Collected material ->
##########

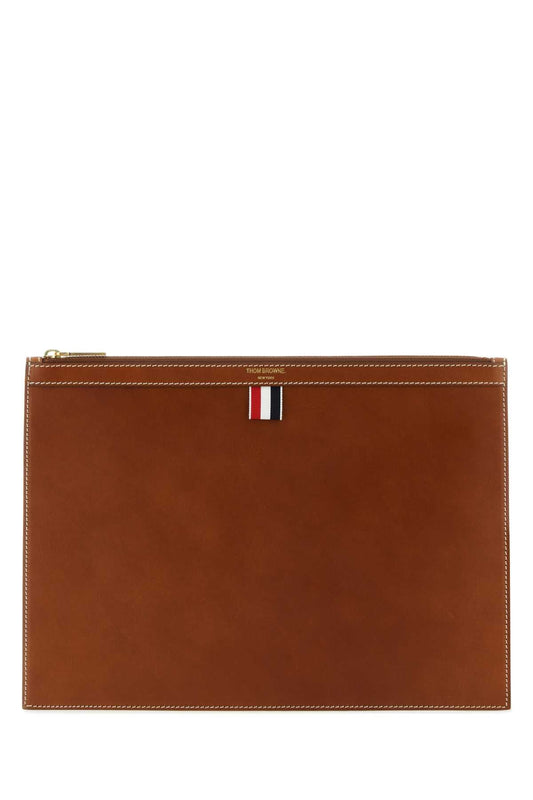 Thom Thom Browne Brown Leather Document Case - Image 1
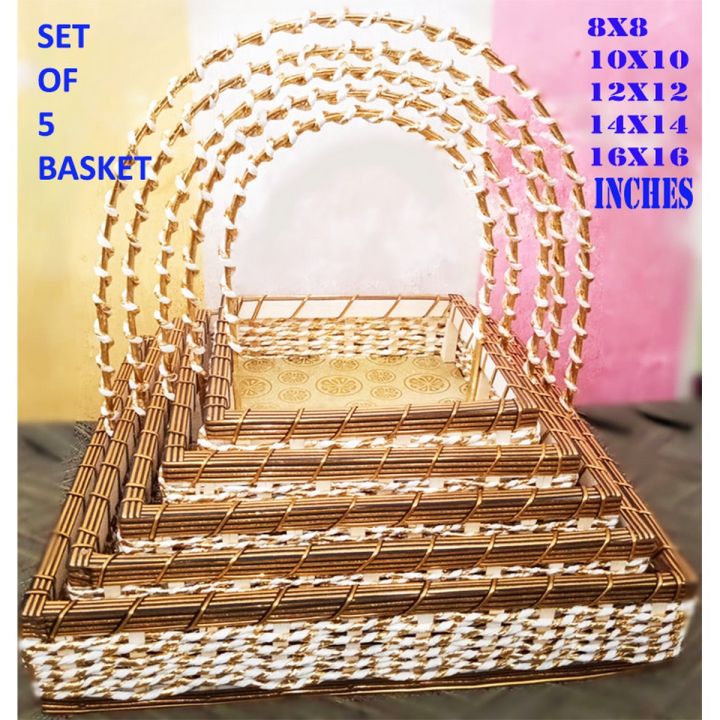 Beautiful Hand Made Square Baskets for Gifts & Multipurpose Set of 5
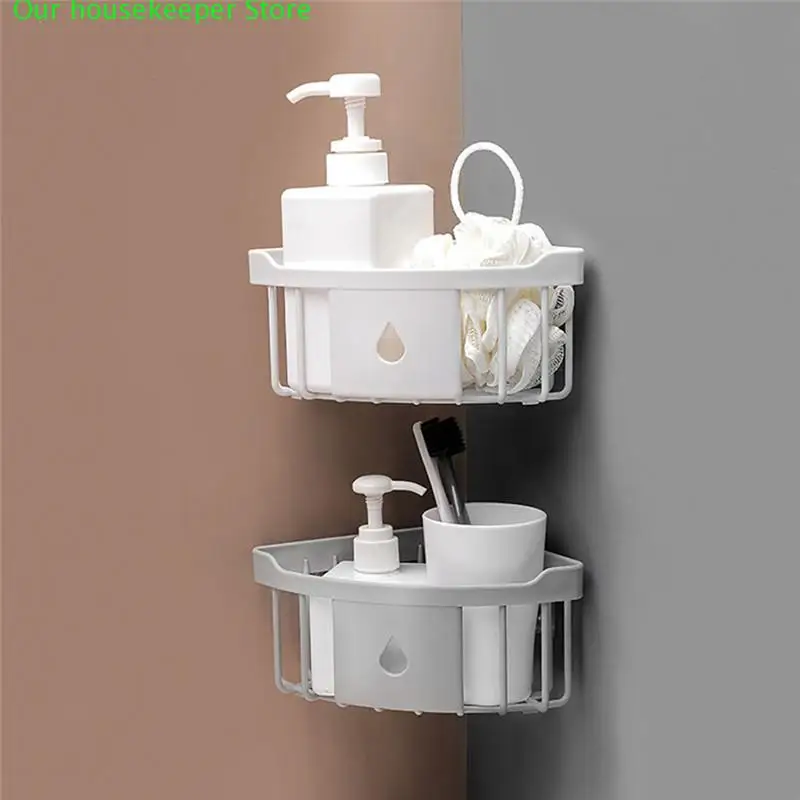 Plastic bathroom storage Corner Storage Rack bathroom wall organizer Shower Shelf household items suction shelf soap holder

##########

Exercise instructions -> Retype the whole listing word for word. Skip the pictures.

Exercise response ->
 Thom Thom Browne Brown Leather Document Case - Image 1
 Beautiful Hand Made Square Baskets for Gifts & Multipurpose Set of 5
 Plastic bathroom storage Corner Storage Rack bathroom wall organizer Shower Shelf household items suction shelf soap holder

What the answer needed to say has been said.